O advento da nação, segundo Luís de Magalhães

Luís de Magalhães
O facto histórico, de que a cidade de Guimarães celebra o oitavo centenário pode bem considerar-se a primeira afirmação do nosso espírito de nacionalidade, o nosso primeiro assomo de independência política.
Essa aspiração não brotou da alma dum Príncipe ambicioso e sedento dum domínio absolutamente autónomo nos seus estados. D. Afonso Henriques era apenas um adolescente, quando o recontro de S. Mamede se deu. Por maior que fosse a precocidade desse soberano, tão valoroso e heróico homem de armas como político, – e, muito novo ainda, sobejas provas deu ele dessas qualidades supremas na individualidade dum imperante, – não se pode supor que um rapaz de dezasseis anos houvesse sido o agente principal, cabeça e braço dum feito que demandava faculdades de visão politica e de mando militar que só uma longa experiência dos homens e dos negócios públicos e uma consumada pratica das coisas da guerra poderiam dar a quem o tentasse.
Não, esse arranque glorioso não foi a obra exclusivamente individual dum chefe subordinando os súbditos ao seu pensamento e à sua vontade. Foi uma obra colectiva, a expansão vital duma pátria em embrião. E os grandes instrumentos dessa aspiração foram os antigos cavaleiros do Borgonhês, os barões do Condado Portucalense, os Mendes da Maia, os Monizes e Coelhos de Riba-Douro, os castelões, os ricos-homens da terra minhota, que viam em D. Teresa, manejada pelo senhor de Trava, um agente de Afonso VII, trabalhando pela manutenção, aqui, do feudo leonês.
A nação portuguesa nasceu verdadeiramente nessa data. Aí, dum Condado feudatário, ela tornara-se numa Monarquia autónoma.
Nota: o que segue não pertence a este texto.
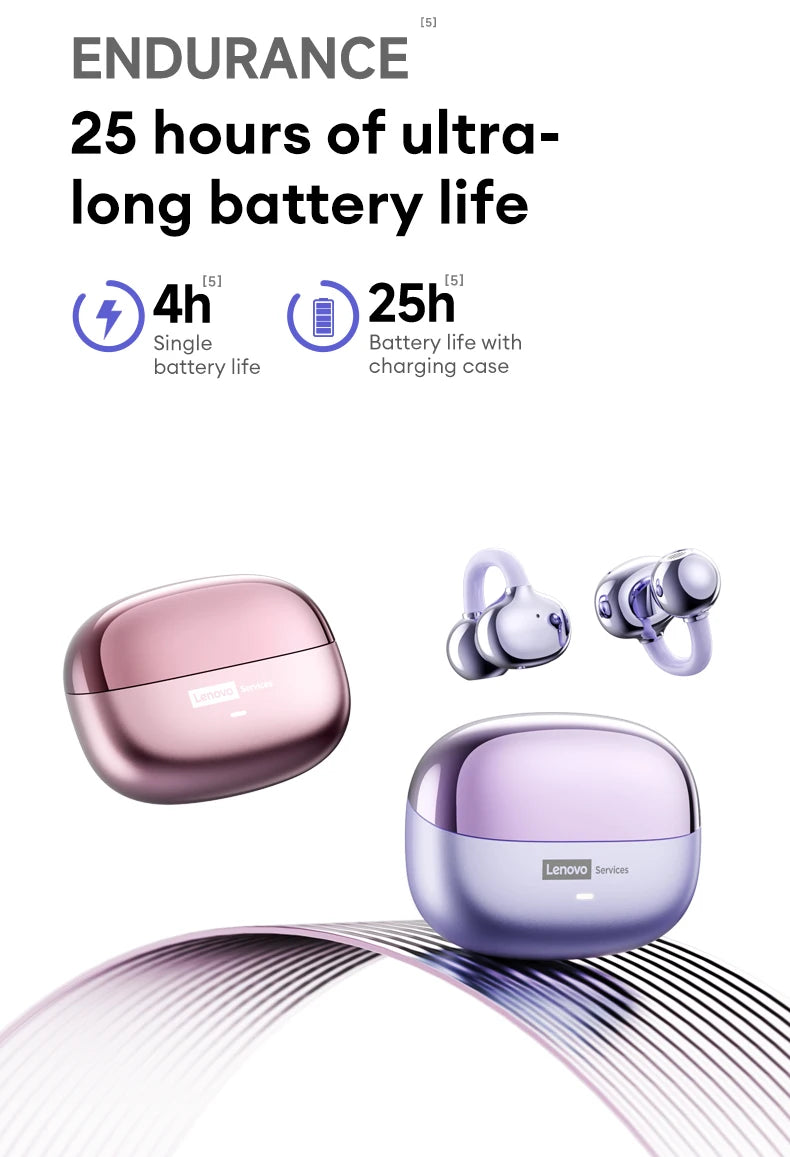 Original Lenovo LE302 Bluetooth Earphones HiFi Sound Ear Clip Earbuds Sports Music Long Battery Life Wireless Headphones Choice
E tão fortemente esse separatismo se radicou que, tendo-se fundido ulteriormente num só todos os outros estados hispânicos, o que se formou na jornada de S. Mamede se tem conservado firme e resistente através de oito séculos, perpetuando, na Península Ibérica, o dualismo nacional que é ainda hoje, – e esperamos que sempre o será, – a sua inalterável estrutura política.
Luís de Magalhães.
(A Ilustração Moderna, n.º 25/26, Julho-Agosto de 1928, Porto, pág. 186)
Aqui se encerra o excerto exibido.